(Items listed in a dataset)

· · · · · · ·

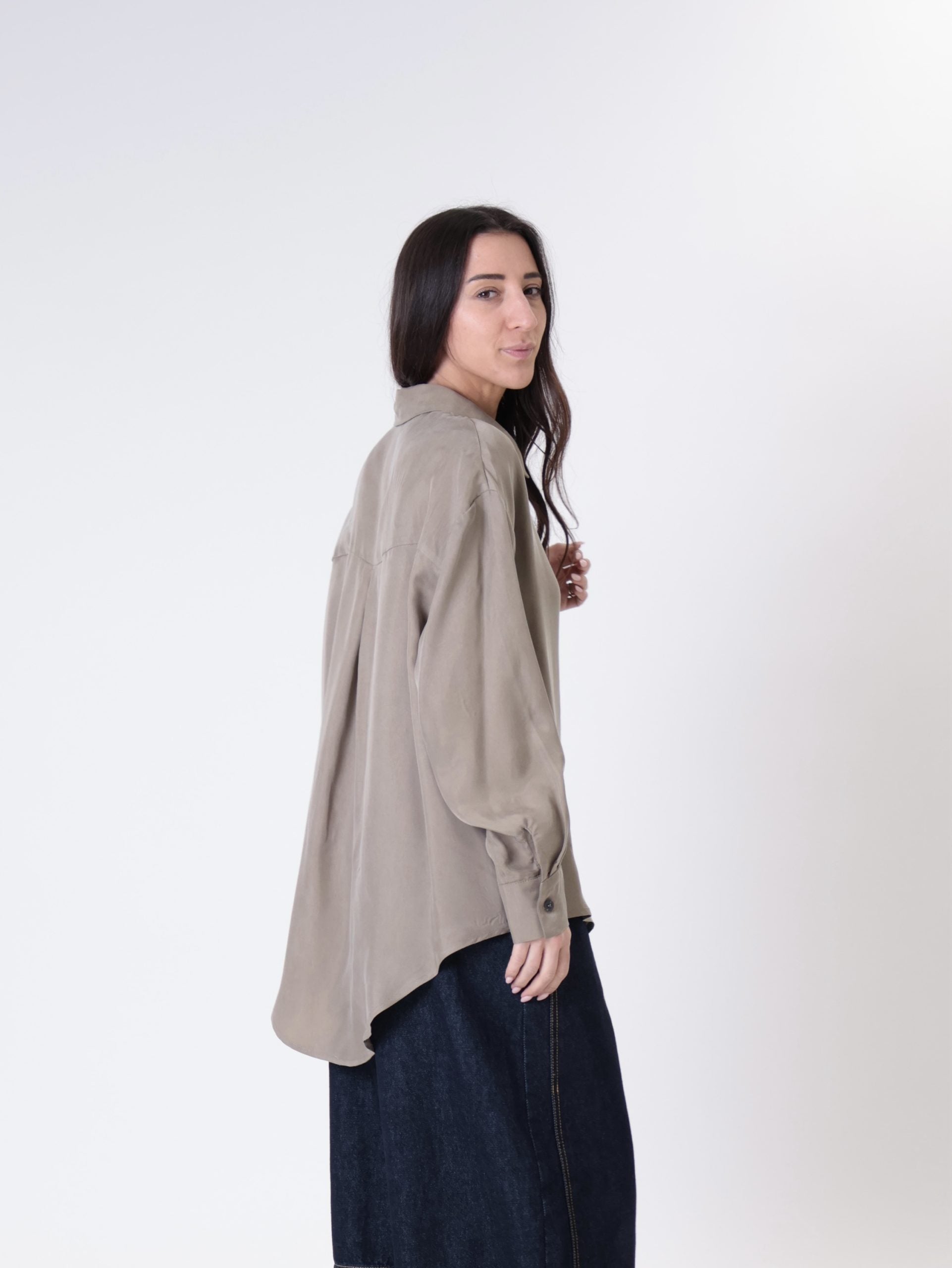 Desert cupro pocket shirt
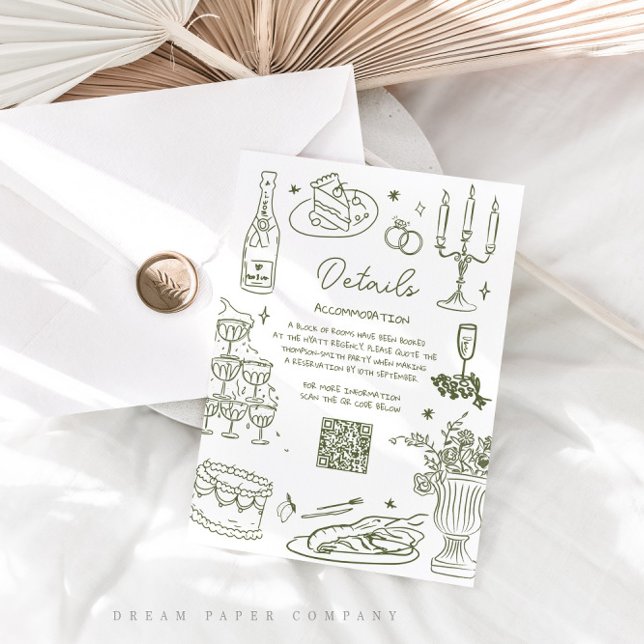 Sage Green Hand Drawn Whimsical Wedding Enclosure Card (Creator Uploaded)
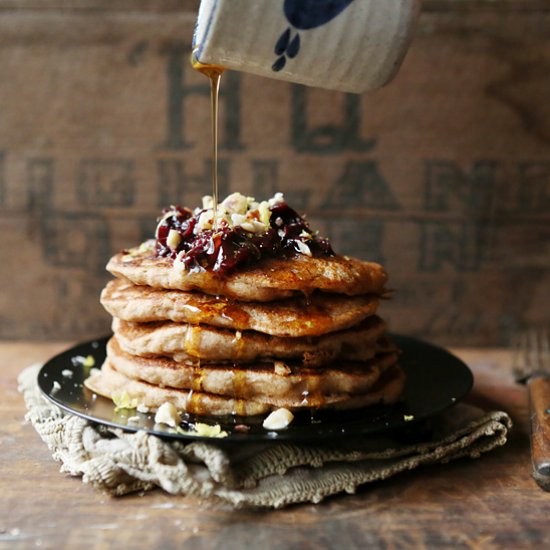 Spelt Pancakes with Berry Sauce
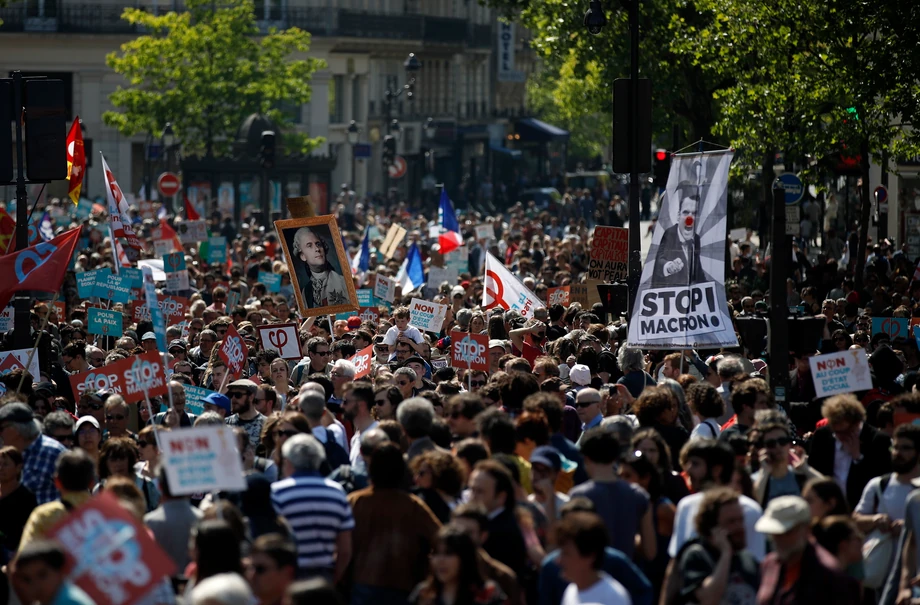 Reformy Macrona nie u wszystkich Francuzów spotykają się ze zrozumieniem. Początkiem maja część z nich protestowało przeciw polityce prezydenta.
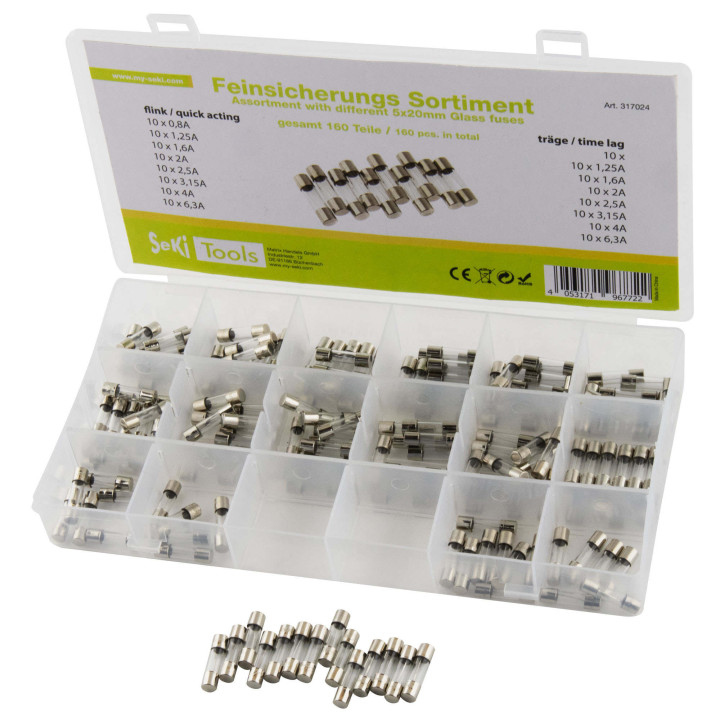 Sortiment Seki Glassicherung 5x20 mm,  flink und träge, 160 Teile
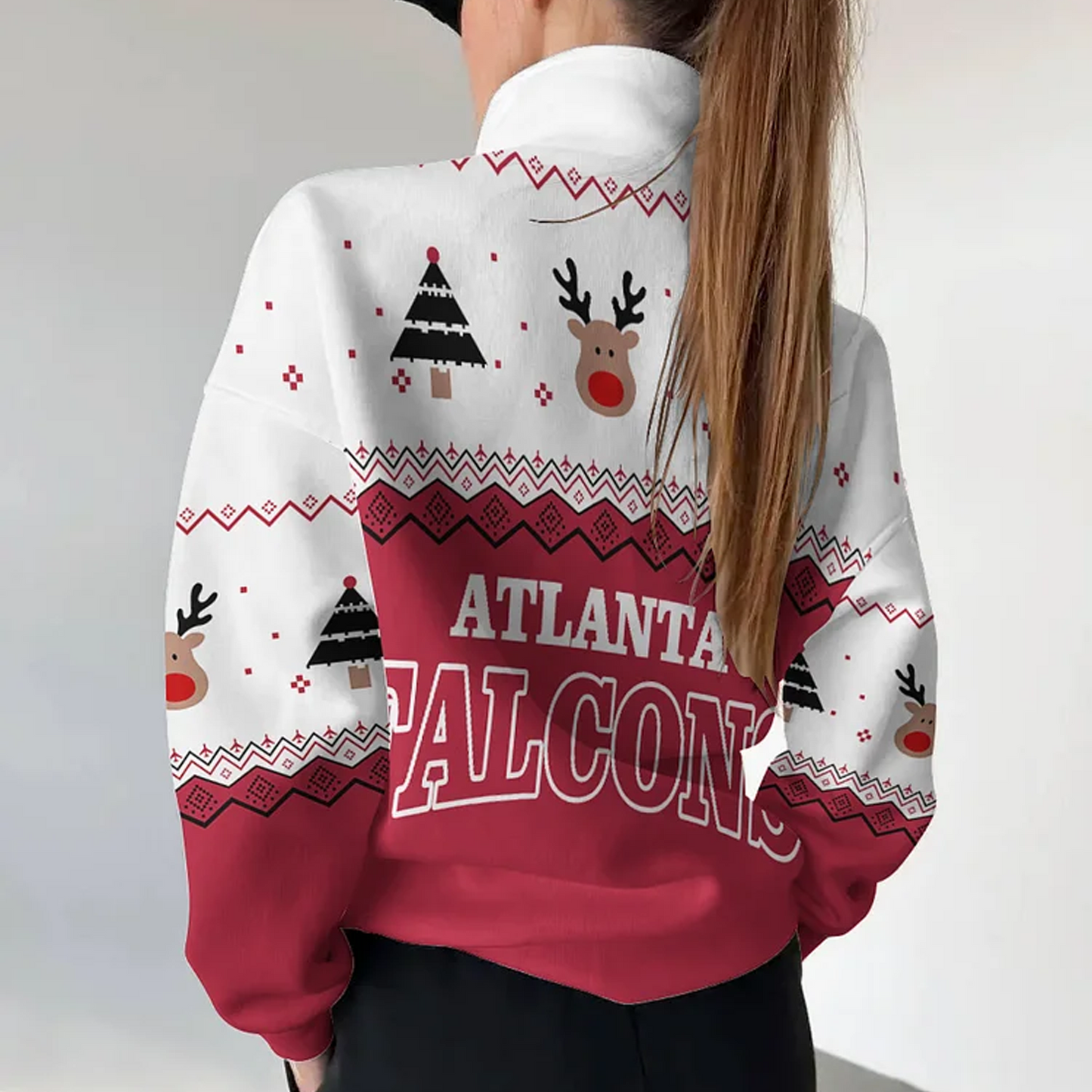 ATL X NFL Women's Outdoor Casual Stand Collar Long Sleeve Pullover DATND THUONGNH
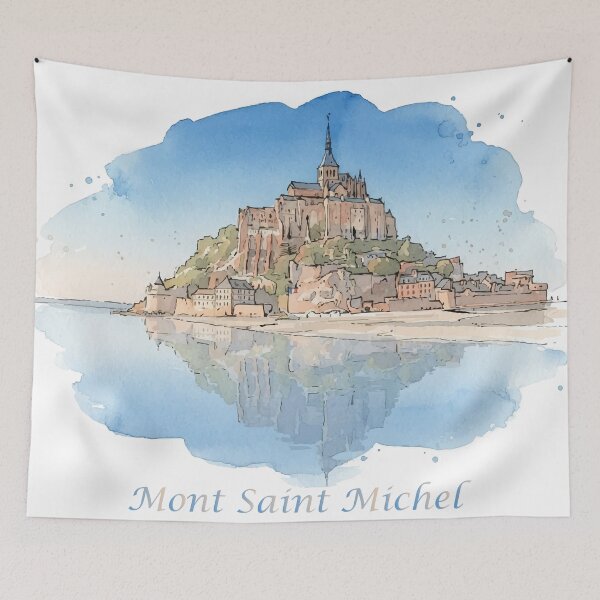 Item preview, Mont Saint Michel Abbey Normandy France Watercolor Art designed and sold by NareArt.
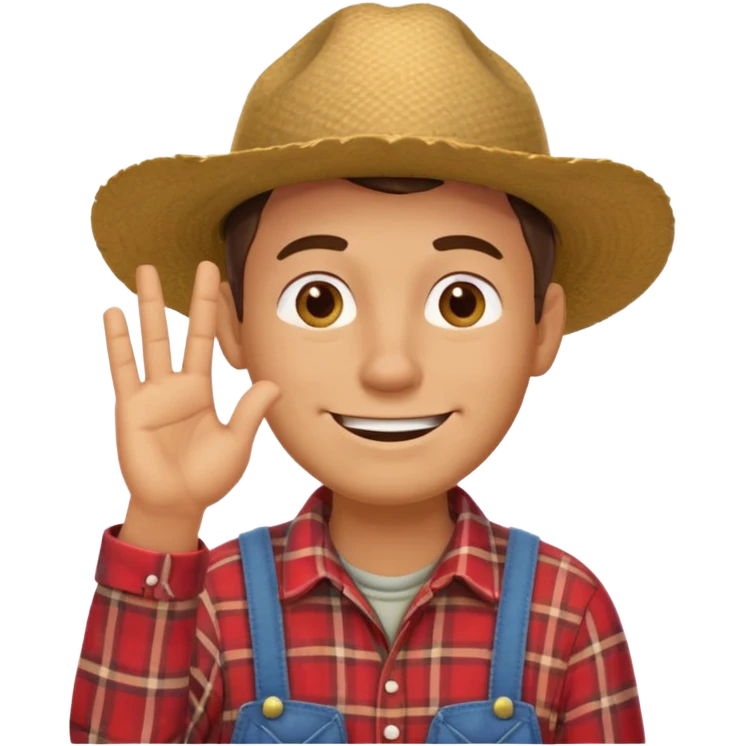 combination of these 👨‍🌾😄 with 🤔 gesture; a and under his face and thinking emoji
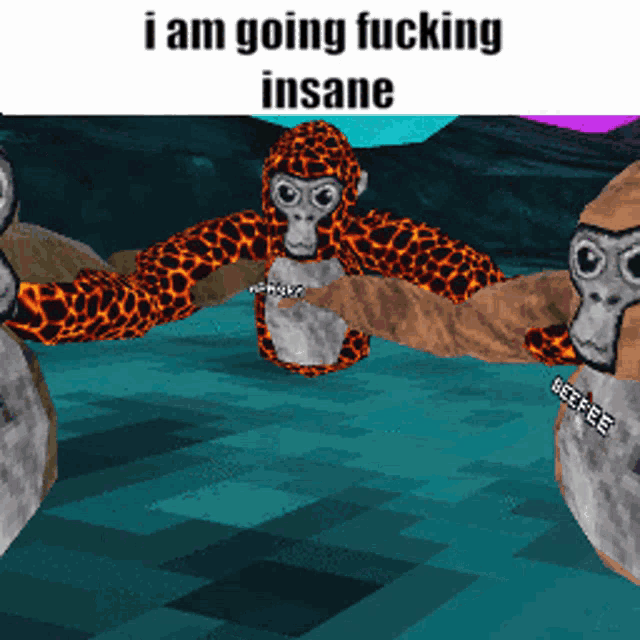 a cartoon of three monkeys with the words i am going fucking insane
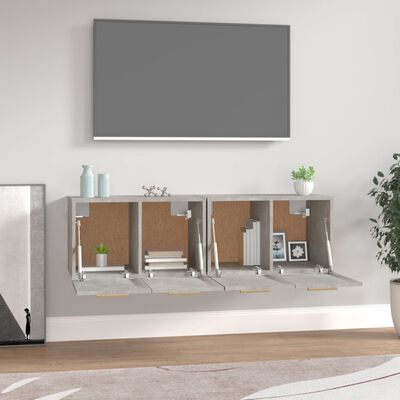 vidaXL Dulapuri TV de perete 2 buc. gri beton 60x36,5x35 cm lemn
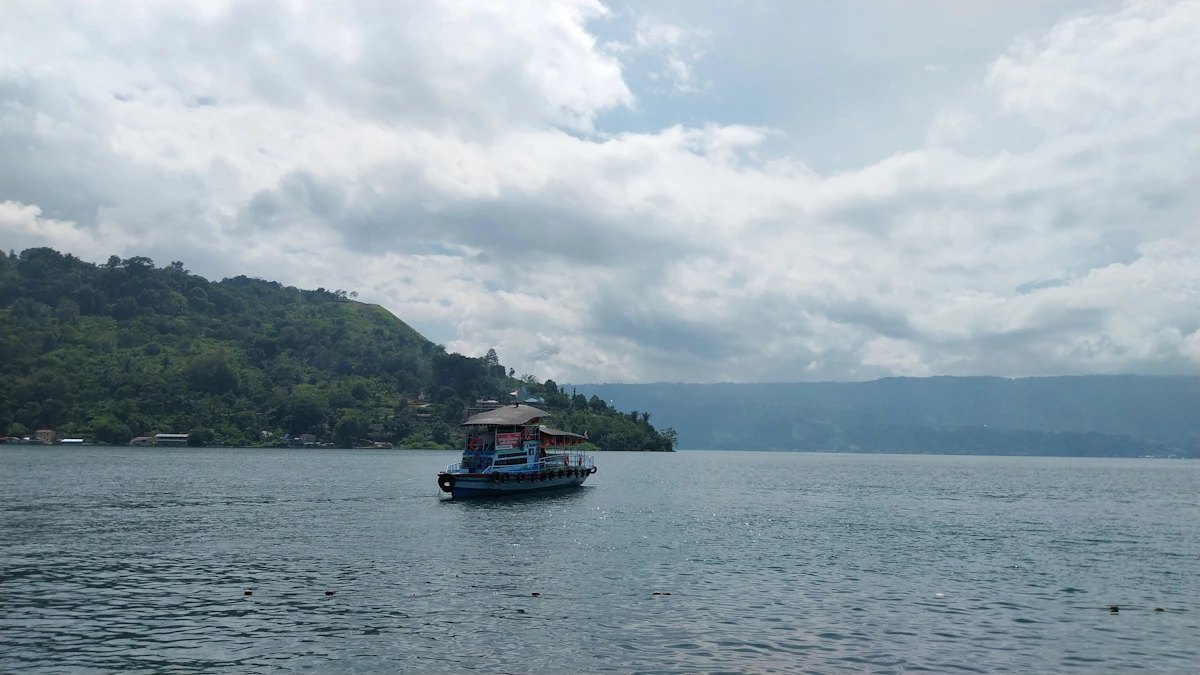 Panoramic volcanic super-lake views from Samosir Island in Lake Toba
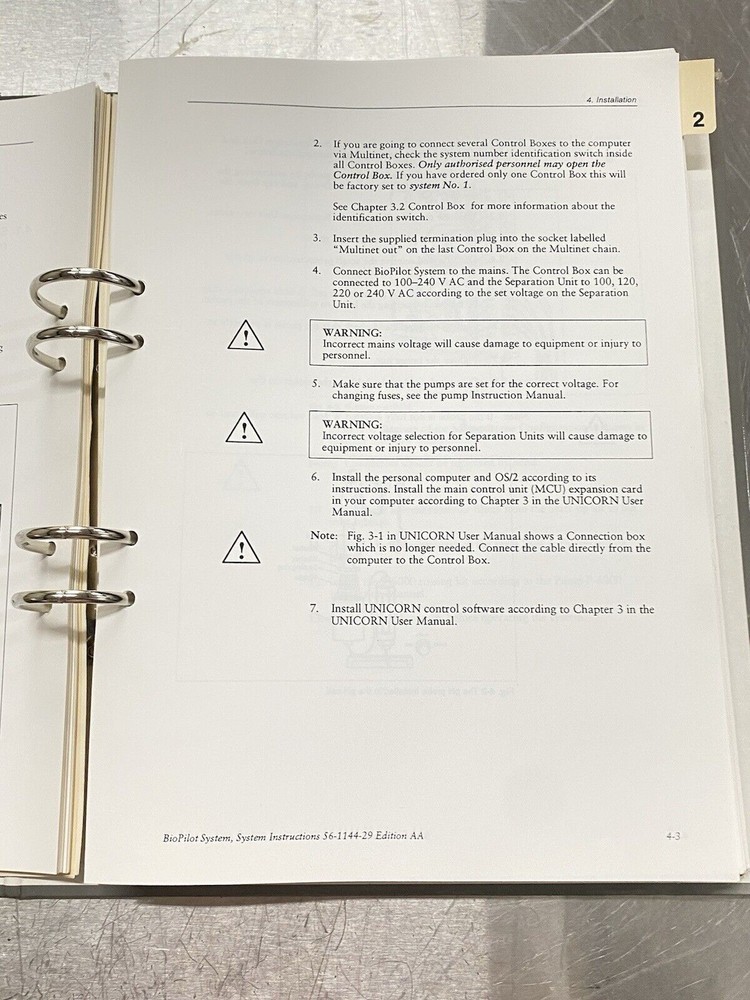 Pharmacia BioPilot System Part 1 - Users Guide / Instructions Manual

· · · · · · ·

▶ _WORK INSTRUCTIONS_
Which lines run from the one containing "Panoramic volcanic super-lake" to the end of the data above? Set down those lines exactly, and only those, without any pictures.

▶ _ANSWER BELOW_
 Panoramic volcanic super-lake views from Samosir Island in Lake Toba
 Pharmacia BioPilot System Part 1 - Users Guide / Instructions Manual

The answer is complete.